**Exercise material:**
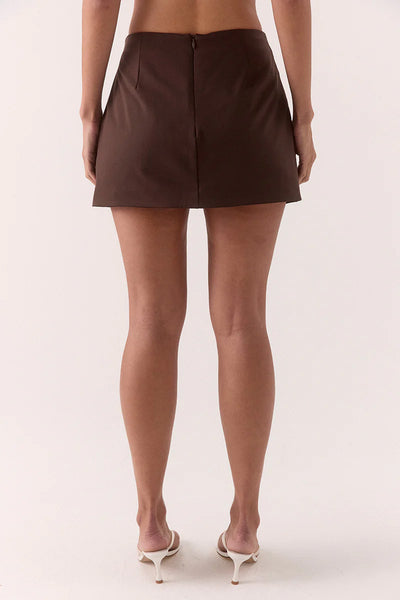 SOVERE - DARCIE SKORT - GANACHE - PERTH BOUTIQUE - AUSTRALIAN BOUTIQUE - WA BOUTIQUE - INTERNATIONAL SHIPPING - USA SHIPPING - PERTH STORES - PERTH STORE - AUSTRALIA - WA - WESTER AUSTRALIA - WOMENS FASHION - FASHION - CLOTHING - WA STOCKIST - PERTH STOCKIST - AUSTRALIAN STOCKIST - STOCKIST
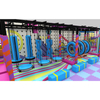 Pop Art Style Indoor Playground with Ocean Ball Pit and Obstacle Course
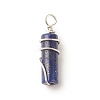 Natural Lapis Lazuli Pendants PALLOY-JF01570-04-1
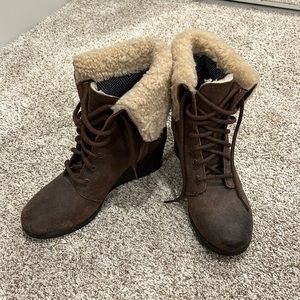 Ugg Zea Lace Up Wedge Bootie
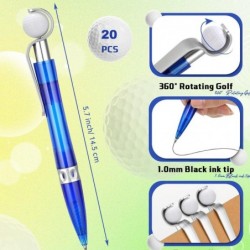 20 Stück neuartige Golf-Kugelschreiber, coole blaue Sport-Kugelschreiber, Team-Geschenk-Stifte für Schülerbedarf, Schreibwaren, Schule, Büro, Dekorationszubehör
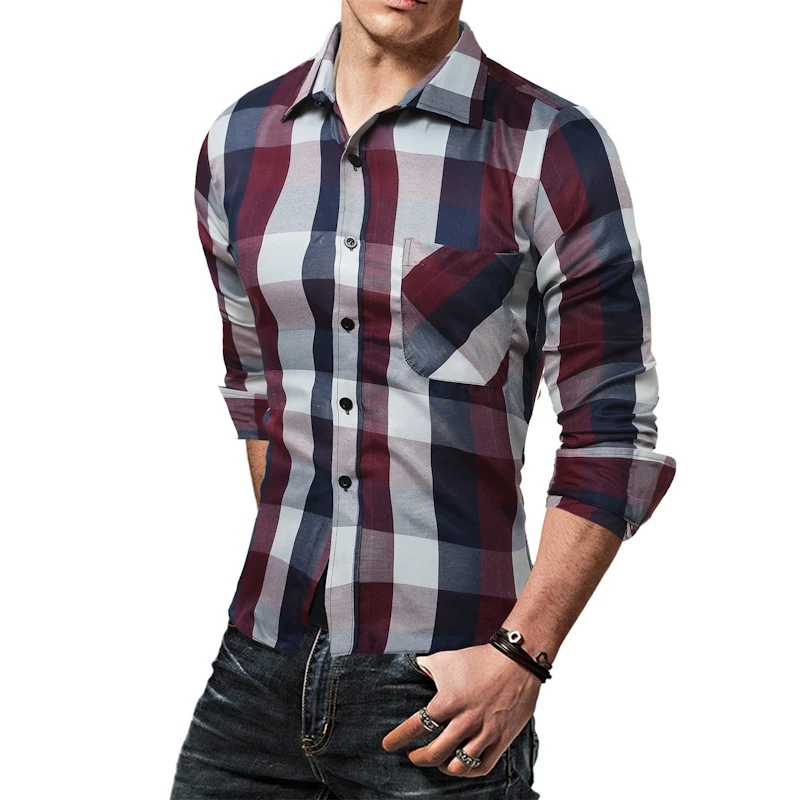ZOGAA Brand New Mens Dress Shirts Casual Slim Fit Cotton Plaid Shirt Long Sleeve Men Clothing Spring Autumn Men Shirts Plus Size
ZOGAA Brand New Mens Dress Shirts Casual Slim Fit Cotton Plaid Shirt Long Sleeve Men Clothing Spring Autumn Men Shirts Plus Size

**What needs to be done:**
Find the line with "Ugg Zea Lace Up Wedge Bootie" in the entries above. Set down exactly every line from it up to and including the line with "20 Stück neuartige", images excluded.

**Your solution:**
 Ugg Zea Lace Up Wedge Bootie
 20 Stück neuartige Golf-Kugelschreiber, coole blaue Sport-Kugelschreiber, Team-Geschenk-Stifte für Schülerbedarf, Schreibwaren, Schule, Büro, Dekorationszubehör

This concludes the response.